The Distrustful French?
It looks as if next Thursday the railway unions will try their strength against the Government over the issue of special regimes, particularly for retirement. Nicolas Sarkozy and his ministers are determined that everyone shall work at least 40 years before they retire – at the moment some professions have special deals in which they can retire after 35 years or less because their work is (or was when the deal was made) particularly arduous or dangerous.
This post-War policy of breaking down society into segments (miners, teachers, fonctionnaires, farmers) has created one of the present ills of French society, according to the paper I mentioned on Tuesday, “La Societe de Défiance”, published by the Centre pour la recherche économique et ses applications. According to the authors Yann Algann and Pierre Cahuc, segmentation creates widespread distrust (défiance – lack of trust might be a better translation), and they paint a bleak picture of their compatriots lacking trust in their judicial system, trades unions, parliamentary system, bosses, fellow workers and, undoubtedly, her next-door.
Their paper is not a new study, but a synthesis of existing work, so the basic premise that the French lack trust in their fellows is taken as acquis. I’m not sure that in every case (such as the special retirement regimes) distrust is the right word – envy might be better, but it’s less politically correct. In some of the circumstances though, distrust is right: apparently 54% of French people have no confidence in their judicial system. 52% say you can’t get on in France unless you corruptly take advantage of an unequal system – but that doesn’t necessarily mean taking or giving back-handers, it refers, amongst other things, to [the mainly Socialist] teachers being able to wangle their children into the better schools regardless of Egalité or what the carte scolaire says. Again, envy would seem as strong as distrust, for the truism stated by the authors is that not everyone can have access to public things like housing, crèches or good schools and that obvious fact creates lack of confidence, or distrust in the system.

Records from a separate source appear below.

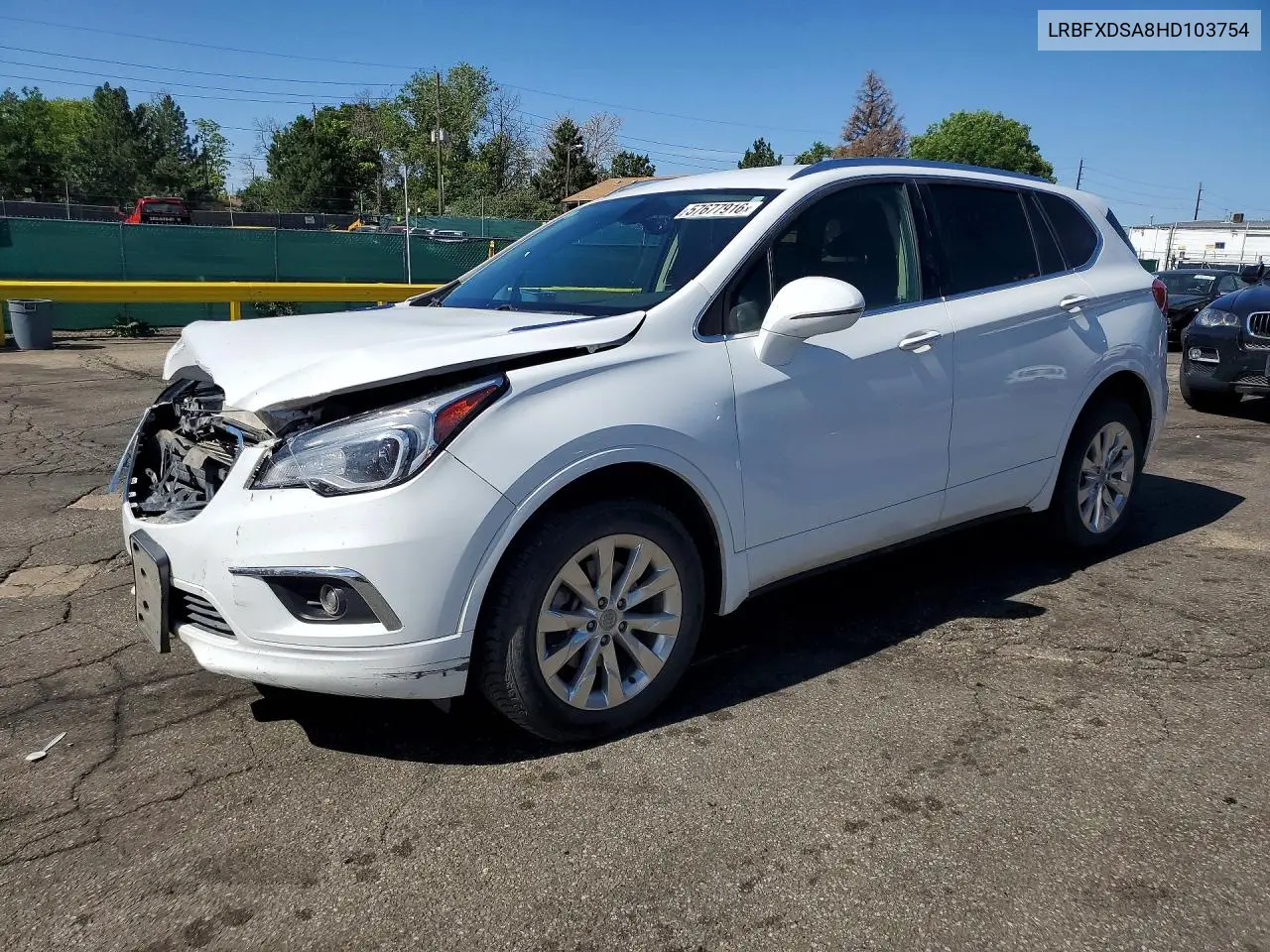 2017 Buick Envision Essence VIN: LRBFXDSA8HD103754 Lot: 57677916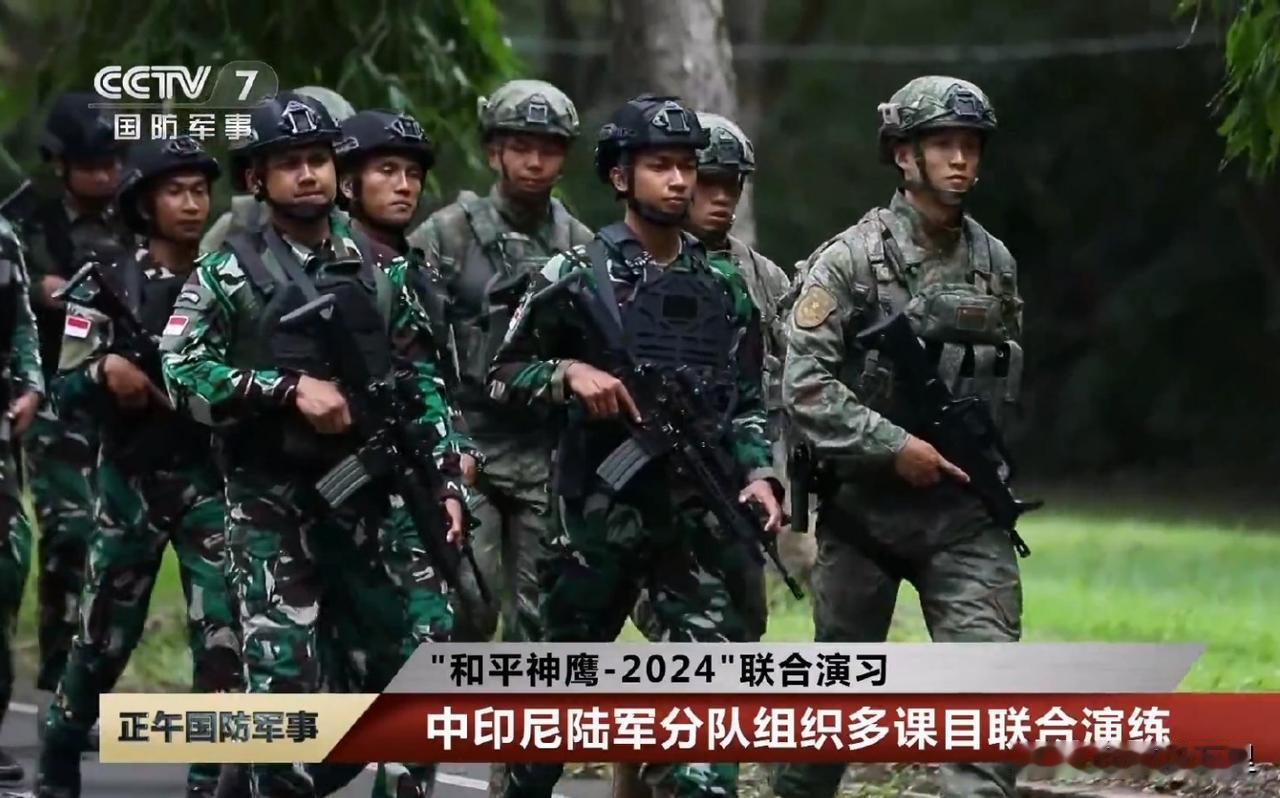 没有对比，就没有伤害。
上图，我国与印尼的联合演习。解放军官兵的21式作训服和单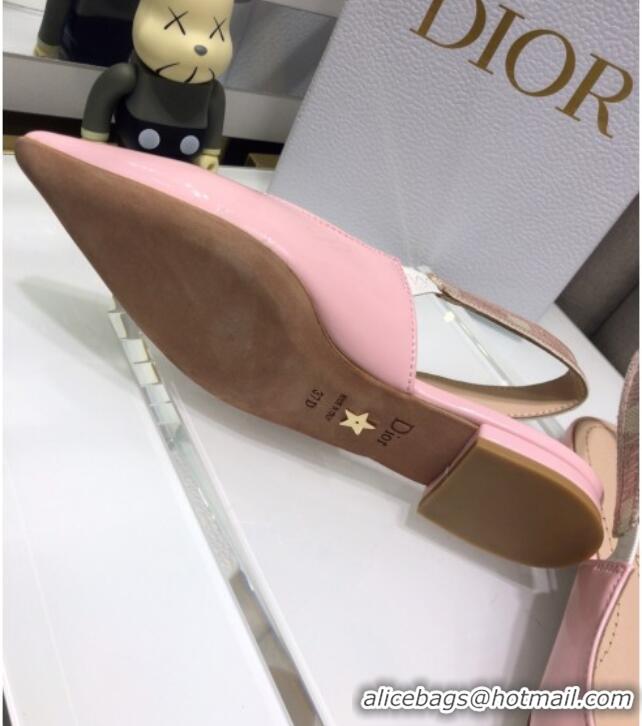 Best Price Dior J'Adior Slingback Ballerinas Flats in Pink Patent Calfskin 042737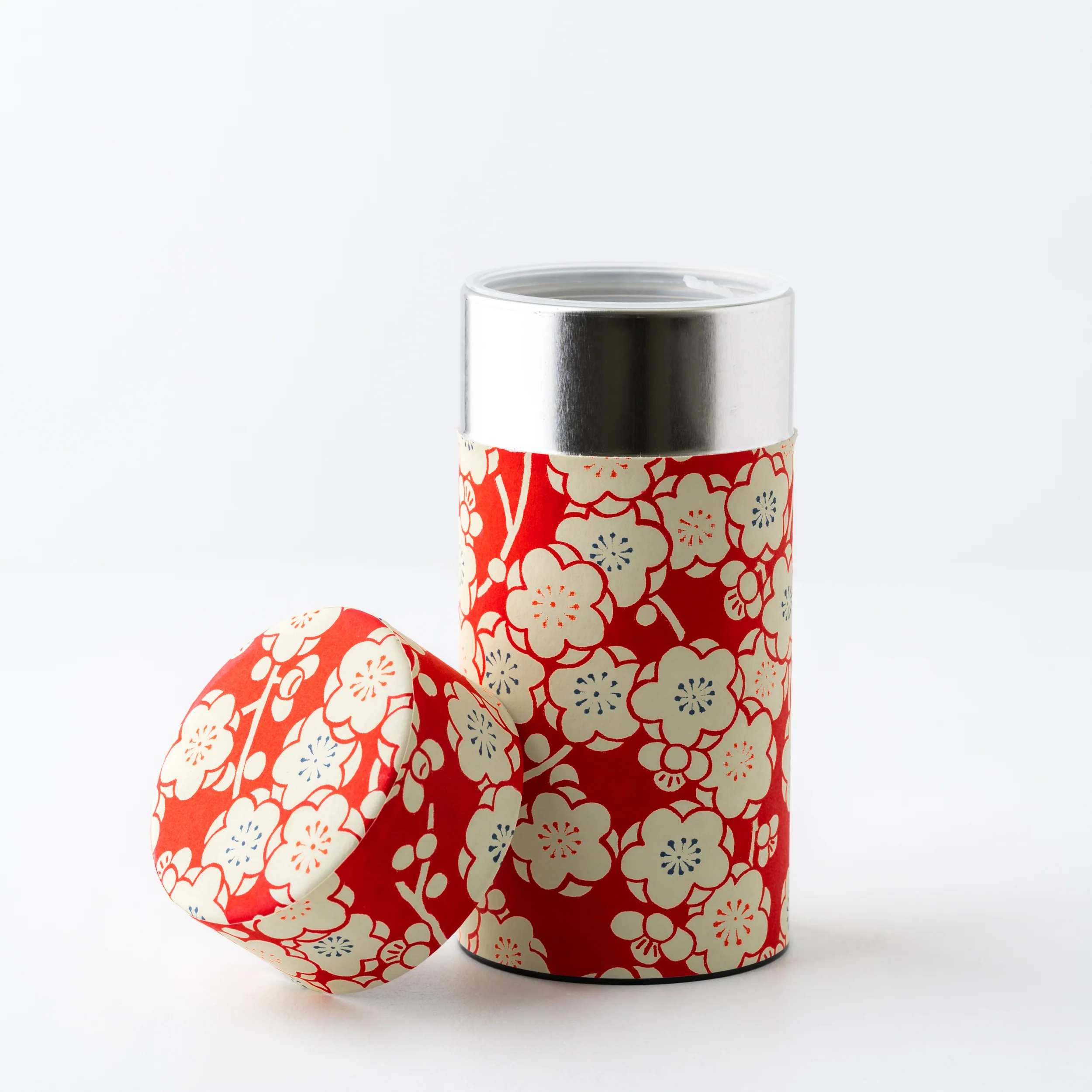Japanese Tea Tin — Red Sakura - Image 3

That in turn, the authors say, means that to a greater extent than citizens of other countries the French think it acceptable to cheat the taxman, the social security and public transport. Few believe that on principle you shouldn’t buy something you know is stolen, offer a bribe or take public money knowing you don’t deserve it.
In amongst some rather dodgy logic, the paper does have some wonderful insights: someone studied all the parking infringements in New York by official delegates to the UN (covered by diplomatic immunity): between 1997 and 2002 there were 150,000 illegally parked cars belonging to UN people! In the ranking, the otherwise rather self-righteous French came equal with the Indian and Laotian delegates.

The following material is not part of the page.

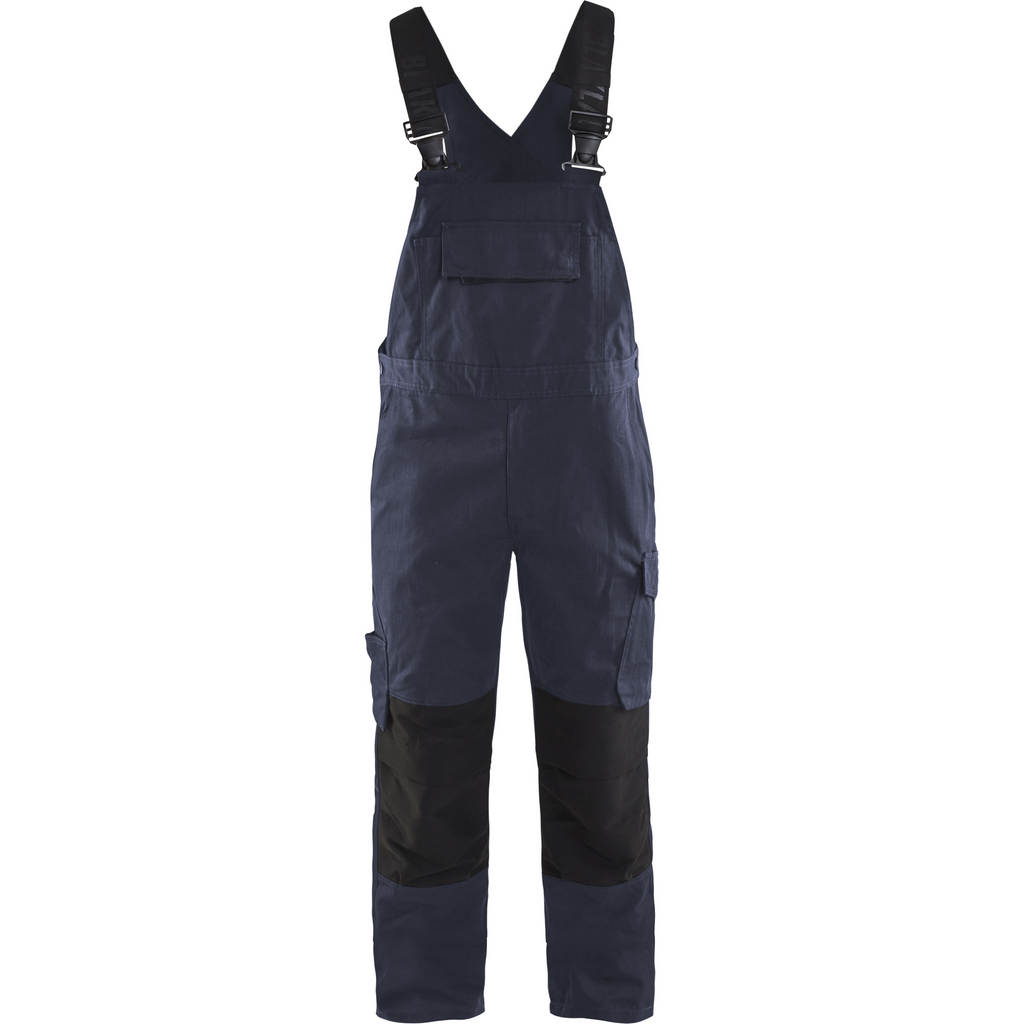 Blaklader Stretch Bib and Brace, Dark Navy/Black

Only 21% of French believe it is possible to have confidence in others (as oppose to about 60% in the USA and Scandinavian countries), and the authors blame this on a mixture of corporatisme (the segmentation of professions into different corps, each with its own conditions, bonuses, pensions) and étatisme (the state is omnipresent because it is forced to intervene between groups who cannot work things out themselves). The French welfare system encourages these differences between social groups, increasing public distrust, whereas the much-praised Scandinavian system treats everyone the same regardless of education or profession.
This same lack of confidence in others experienced by the French is bad for business – Adam Smith and the more recent Nobel-prize winning economist K. Arrow are quoted as saying that the essential ingredient for trade is trust and “a large part of the late development of a society is due to the lack of shared trust between its citizens.” The last 10 of the 100 page piece tries to convince that if the French trusted each other more they would earn more money – the authors quote Sweden as the nirvana in this respect – but by this time their logic was getting beyond me. Nearly half the population in France think competition has little to do with developing new ideas but instead appeals to man’s basest instincts (something I touch on in November’s France Profonde).
This paper’s conclusion seems to be that to get on in the world, French fear of competition must be overcome, and the best way is by state regulation, which seems at odds with their earlier argument that there is too much state. Throughout, Scandinavian countries are held up as the ideal model for the French to copy. This may be right (this month’s economic magazine Les Enjeux has an excellent article looking at the Danish model through the example of Lego [but I don’t think the link will enable you to read it]), but as I said last week, when advocating the Scandinavian model, few (French) people take into consideration that Sweden and Denmark, like the UK, have independent currencies with independent economic rules. France does not. Hence Sarkozy’s raging against the ECB: perhaps [heretical thought] giving France its own currency again will turn out to be Sarkozy’s equivalent of Tony Blair scrapping Clause 4 and Mrs. Thatcher the unions.


October 12th, 2007 at 5:21 pm
Fascinating stuff - and thanks Tim for precis-ing what looks like daunting read. Your final point, the independent currency issue, is I think likely to hot up if Sarko sticks to his guns about ECB policies being good for Germany, bad for France. It raises all the fundamental questions about federacy etc - and the contradictions inherent in having a common currency, a central bank but disparate national economic policies…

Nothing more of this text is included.